Transcribe all of the data verbatim, please, and leave out its pictures.

## SOURCE DATA

-*-

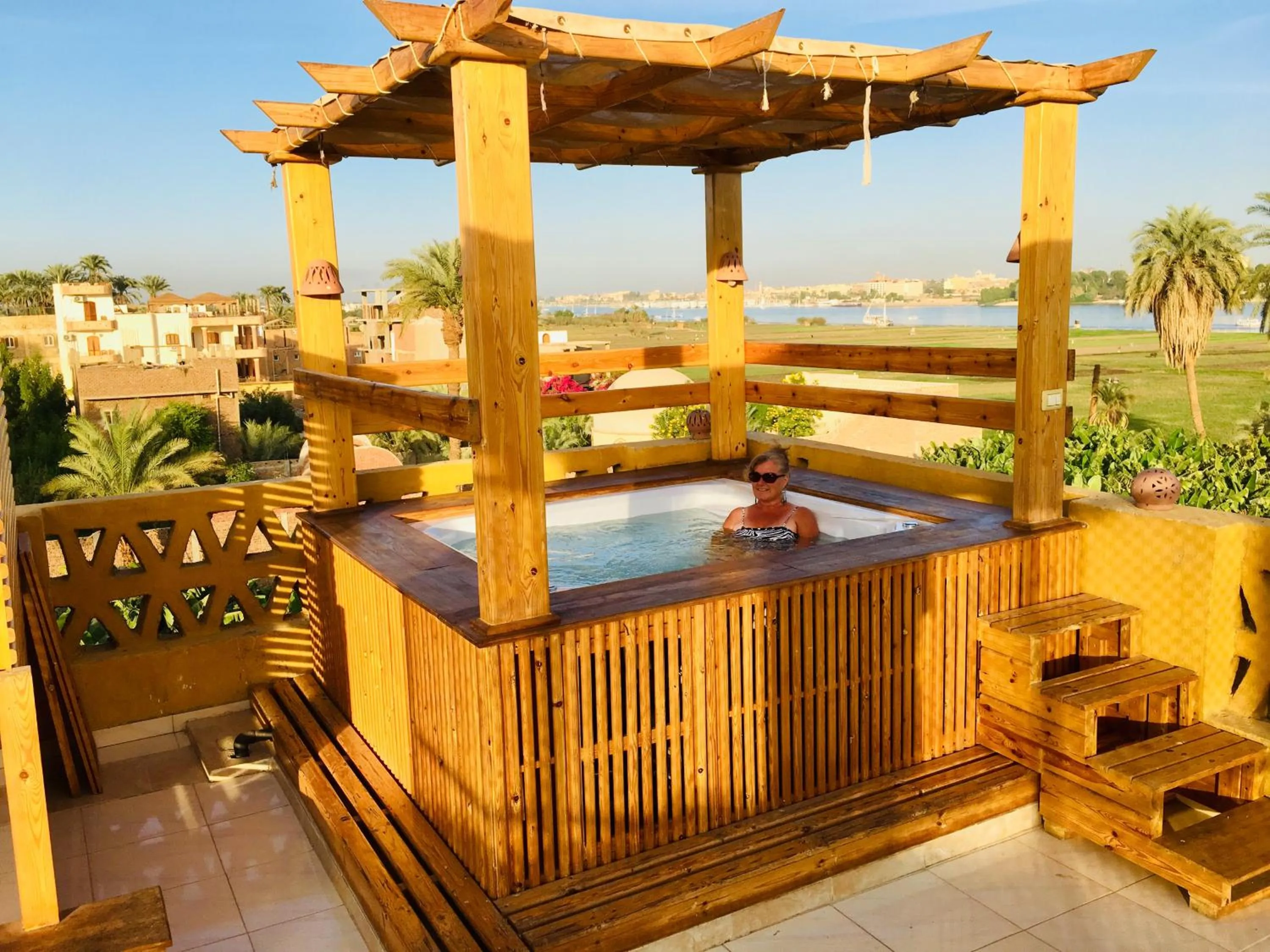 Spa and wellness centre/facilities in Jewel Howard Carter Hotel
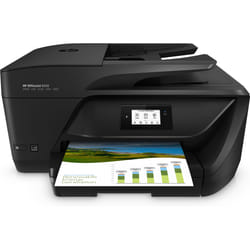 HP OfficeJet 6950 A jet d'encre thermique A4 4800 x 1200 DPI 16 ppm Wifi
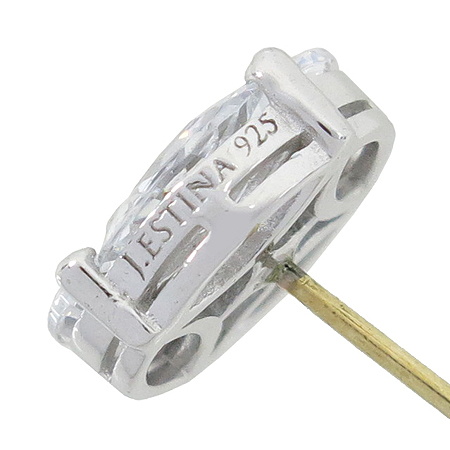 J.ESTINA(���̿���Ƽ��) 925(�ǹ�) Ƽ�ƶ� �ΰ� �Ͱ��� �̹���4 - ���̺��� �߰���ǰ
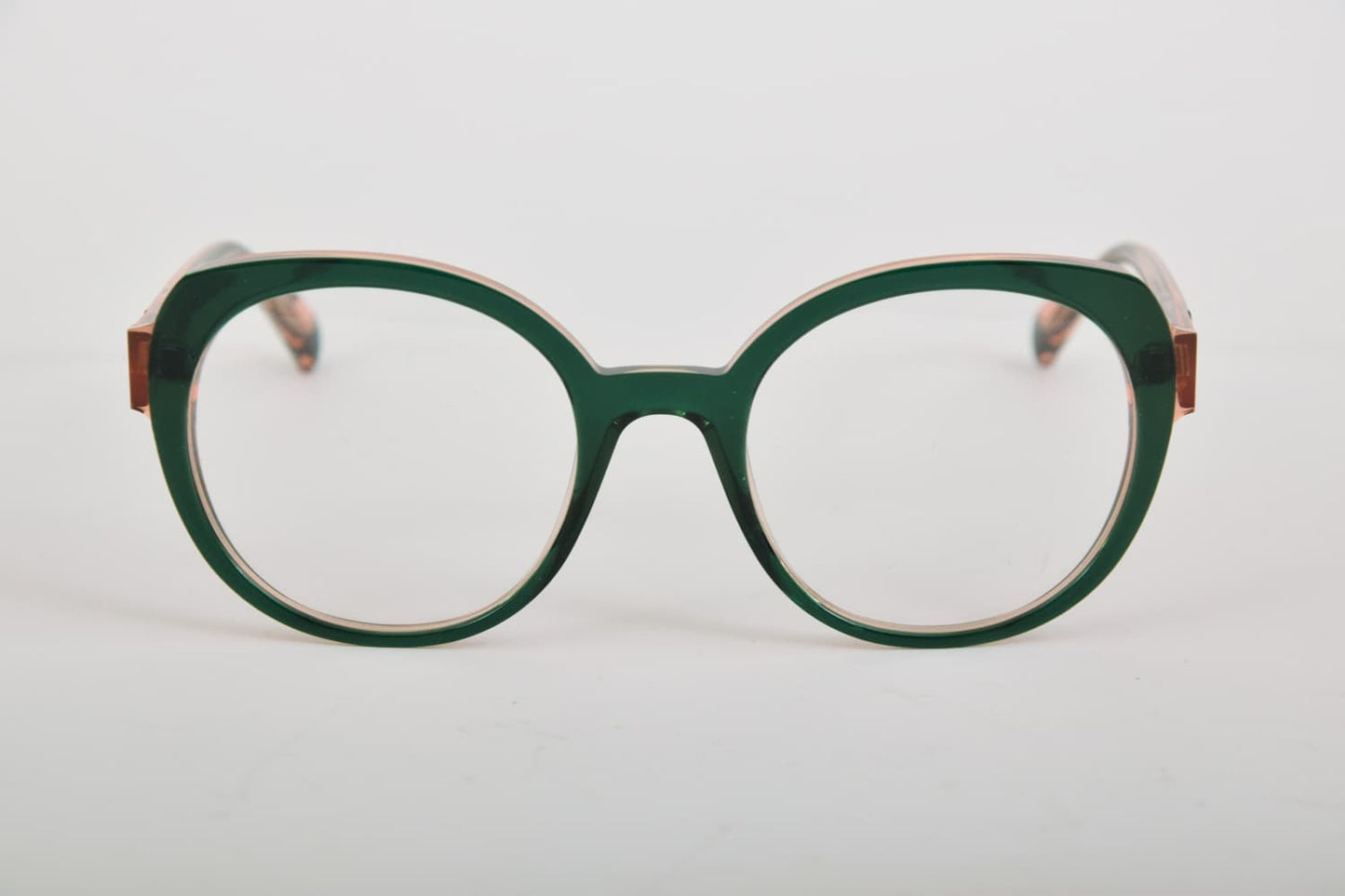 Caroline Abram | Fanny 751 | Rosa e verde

-*-

## RESULT
 Spa and wellness centre/facilities in Jewel Howard Carter Hotel
 HP OfficeJet 6950 A jet d'encre thermique A4 4800 x 1200 DPI 16 ppm Wifi
 J.ESTINA(���̿���Ƽ��) 925(�ǹ�) Ƽ�ƶ� �ΰ� �Ͱ��� �̹���4 - ���̺��� �߰���ǰ
 Caroline Abram | Fanny 751 | Rosa e verde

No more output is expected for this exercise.